▶ [TASK GOAL]
For this exercise, repeat exactly the lines below starting at the line holding "张真源应援色和贺峻霖应援色事件该如何看待" and ending at the line holding "4 Pieces Stainless", both included, with no extra lines and no pictures.

▶ [EXTRACTED RECORDS]
-.-.-

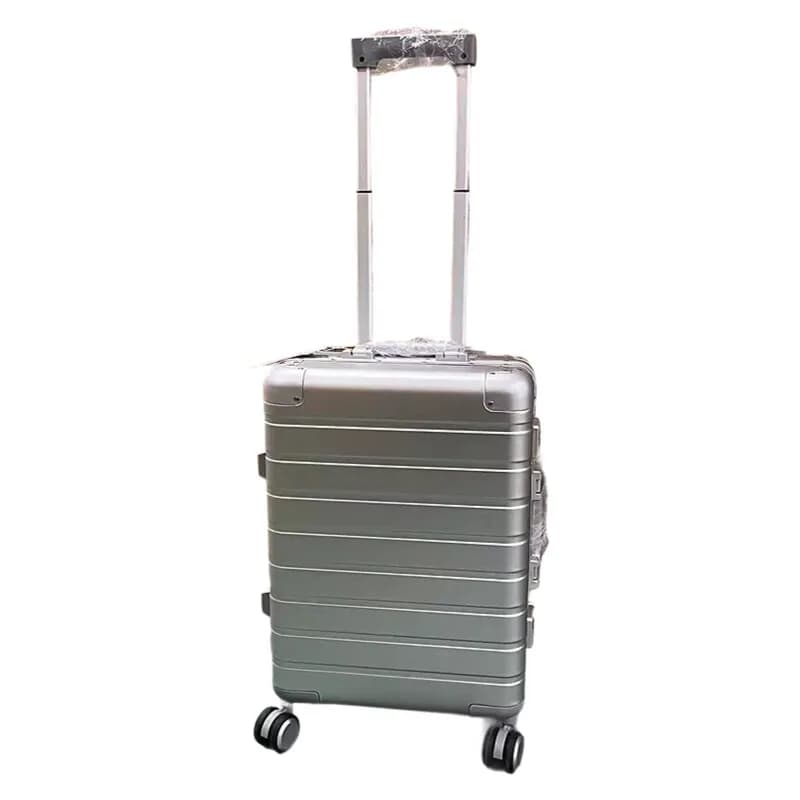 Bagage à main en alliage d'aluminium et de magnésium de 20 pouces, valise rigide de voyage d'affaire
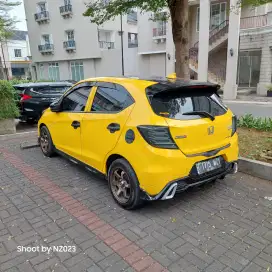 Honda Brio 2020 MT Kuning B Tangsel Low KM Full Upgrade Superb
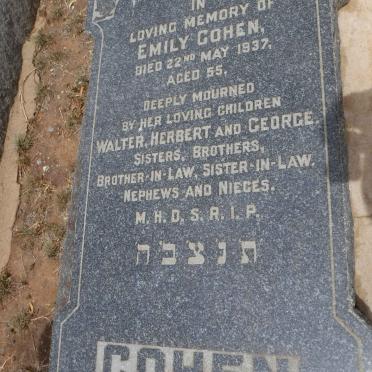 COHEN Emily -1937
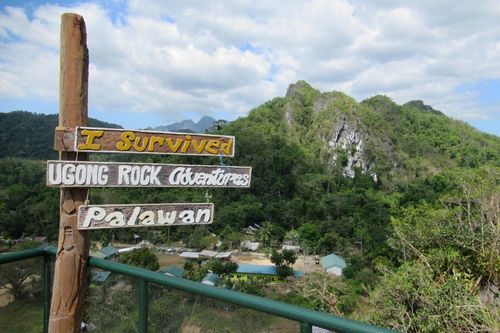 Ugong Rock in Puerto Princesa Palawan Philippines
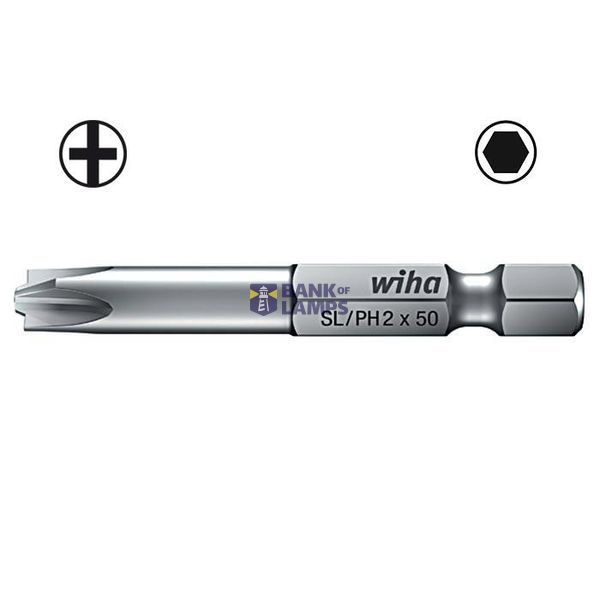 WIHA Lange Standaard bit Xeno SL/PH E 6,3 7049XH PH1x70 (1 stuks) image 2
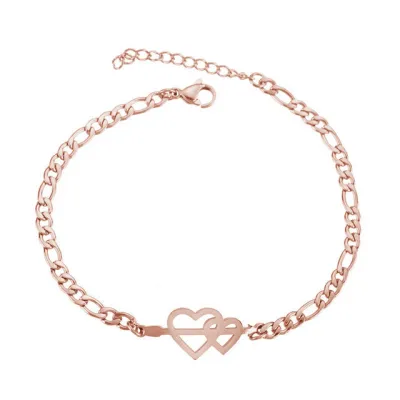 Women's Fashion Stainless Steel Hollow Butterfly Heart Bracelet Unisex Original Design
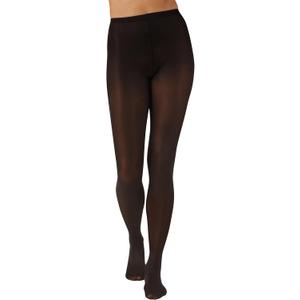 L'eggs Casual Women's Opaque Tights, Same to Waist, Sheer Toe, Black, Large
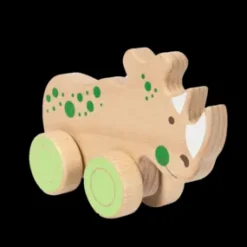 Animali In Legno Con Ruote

-.-.-

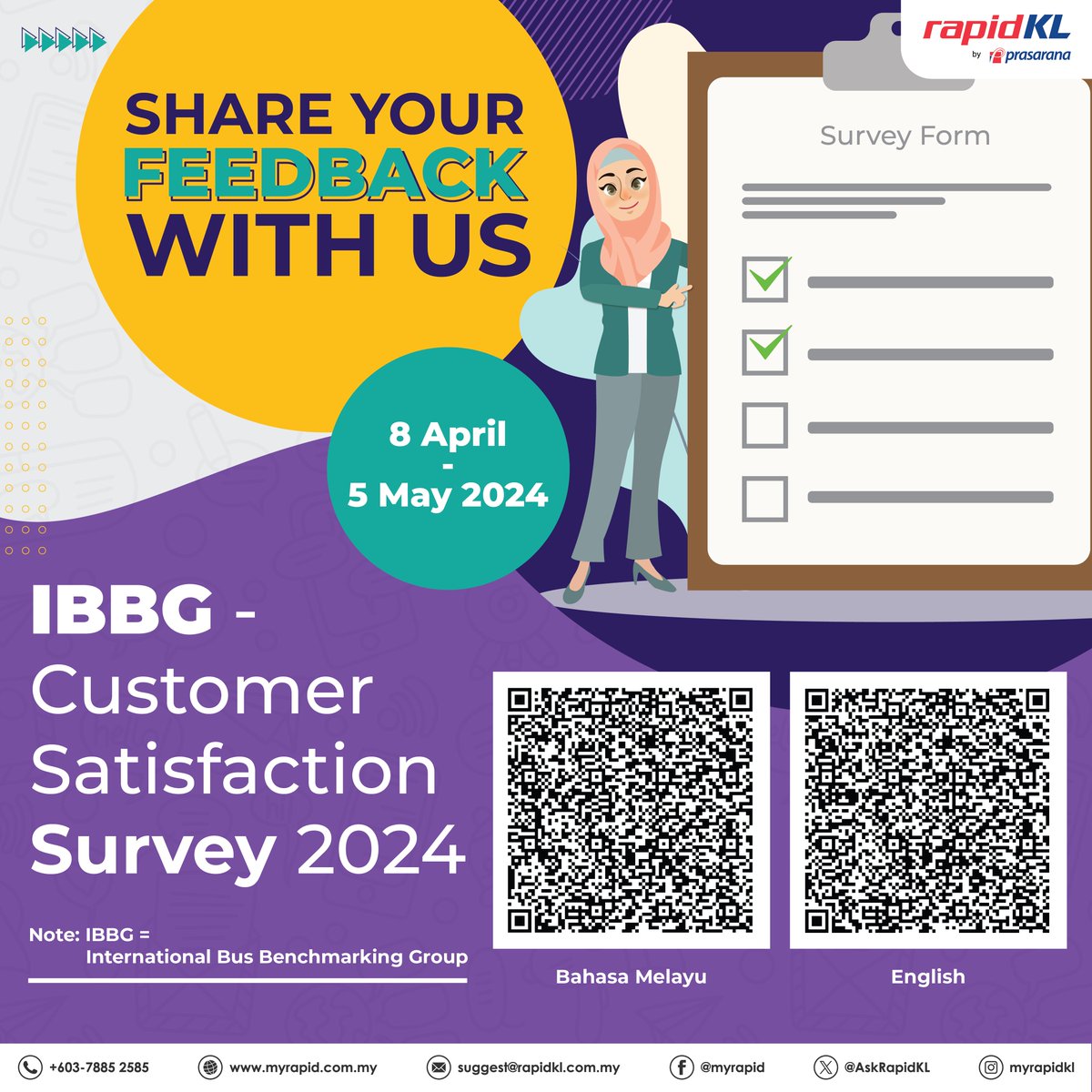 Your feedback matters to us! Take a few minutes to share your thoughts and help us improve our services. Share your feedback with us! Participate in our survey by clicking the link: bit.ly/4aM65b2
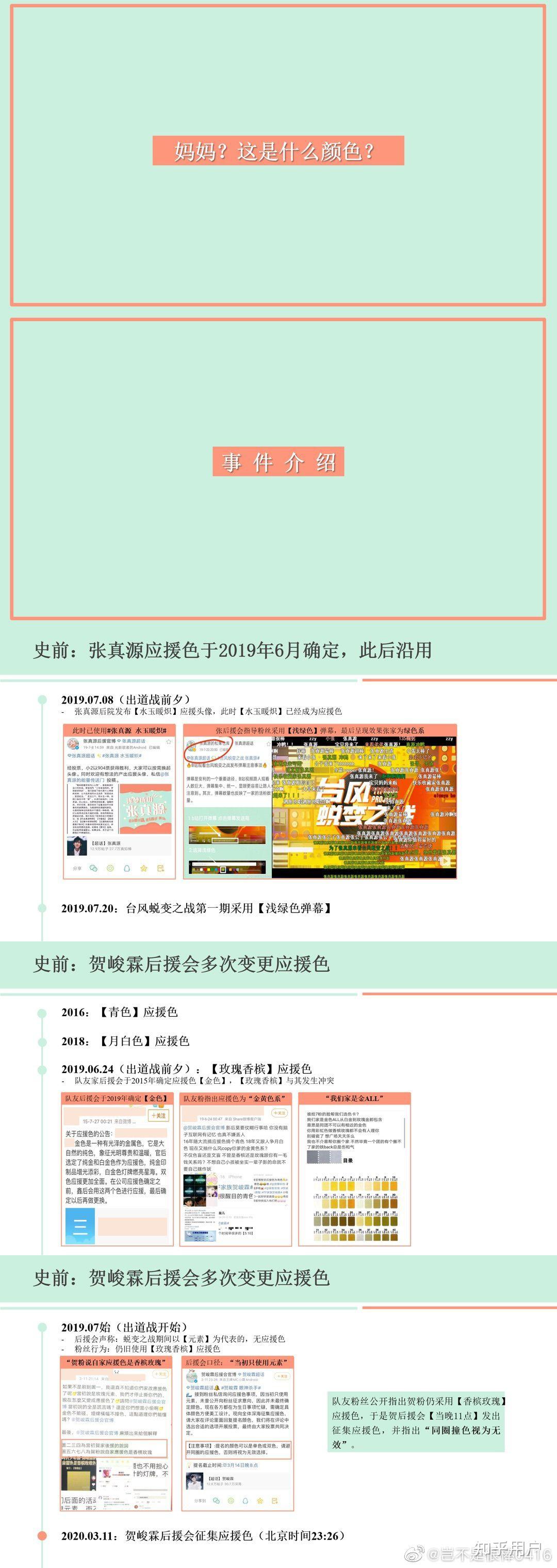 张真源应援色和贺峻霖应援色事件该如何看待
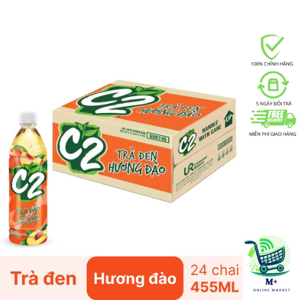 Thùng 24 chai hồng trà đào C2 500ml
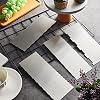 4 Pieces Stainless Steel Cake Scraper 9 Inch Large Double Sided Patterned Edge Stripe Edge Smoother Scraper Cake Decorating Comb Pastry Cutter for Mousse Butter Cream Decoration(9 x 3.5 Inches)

-.-.-

▶ [TASK ANSWER]
 张真源应援色和贺峻霖应援色事件该如何看待
 Thùng 24 chai hồng trà đào C2 500ml
 4 Pieces Stainless Steel Cake Scraper 9 Inch Large Double Sided Patterned Edge Stripe Edge Smoother Scraper Cake Decorating Comb Pastry Cutter for Mousse Butter Cream Decoration(9 x 3.5 Inches)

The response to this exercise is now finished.